▶ Exercise aim
In the records below, find the lines that include "квартира" and copy each.

▶ Exercise data
▬▬▬

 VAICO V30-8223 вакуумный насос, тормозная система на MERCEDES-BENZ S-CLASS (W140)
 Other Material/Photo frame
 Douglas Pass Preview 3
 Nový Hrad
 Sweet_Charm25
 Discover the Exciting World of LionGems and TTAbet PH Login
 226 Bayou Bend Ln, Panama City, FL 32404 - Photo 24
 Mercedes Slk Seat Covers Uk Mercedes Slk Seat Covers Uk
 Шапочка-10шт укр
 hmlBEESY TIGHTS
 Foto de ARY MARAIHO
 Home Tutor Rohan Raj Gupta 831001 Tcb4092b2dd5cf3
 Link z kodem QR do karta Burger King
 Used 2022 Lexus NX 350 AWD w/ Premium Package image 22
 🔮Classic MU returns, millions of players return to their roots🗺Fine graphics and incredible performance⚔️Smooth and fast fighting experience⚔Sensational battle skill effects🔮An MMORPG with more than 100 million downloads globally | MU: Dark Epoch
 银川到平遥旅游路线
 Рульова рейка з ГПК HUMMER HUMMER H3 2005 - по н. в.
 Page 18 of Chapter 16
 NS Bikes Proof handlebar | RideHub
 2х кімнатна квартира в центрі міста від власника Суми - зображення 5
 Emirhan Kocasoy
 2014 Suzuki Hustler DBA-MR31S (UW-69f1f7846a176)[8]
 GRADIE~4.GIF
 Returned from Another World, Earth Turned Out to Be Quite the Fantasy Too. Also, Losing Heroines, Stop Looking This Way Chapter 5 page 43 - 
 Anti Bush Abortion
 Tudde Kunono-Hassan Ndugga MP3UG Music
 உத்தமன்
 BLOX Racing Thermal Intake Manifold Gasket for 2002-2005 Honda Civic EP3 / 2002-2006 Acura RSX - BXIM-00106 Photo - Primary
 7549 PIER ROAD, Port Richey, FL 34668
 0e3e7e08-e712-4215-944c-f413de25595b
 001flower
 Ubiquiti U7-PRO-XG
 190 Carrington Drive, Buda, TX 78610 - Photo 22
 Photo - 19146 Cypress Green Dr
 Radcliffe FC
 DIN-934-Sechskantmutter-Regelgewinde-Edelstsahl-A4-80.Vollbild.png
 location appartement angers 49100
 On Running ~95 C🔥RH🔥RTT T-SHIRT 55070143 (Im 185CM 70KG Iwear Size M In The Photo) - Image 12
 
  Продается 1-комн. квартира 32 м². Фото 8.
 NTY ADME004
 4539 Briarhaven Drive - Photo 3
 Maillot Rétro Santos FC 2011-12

▬▬▬

▶ Response to this exercise
 2х кімнатна квартира в центрі міста від власника Суми - зображення 5
  Продается 1-комн. квартира 32 м². Фото 8.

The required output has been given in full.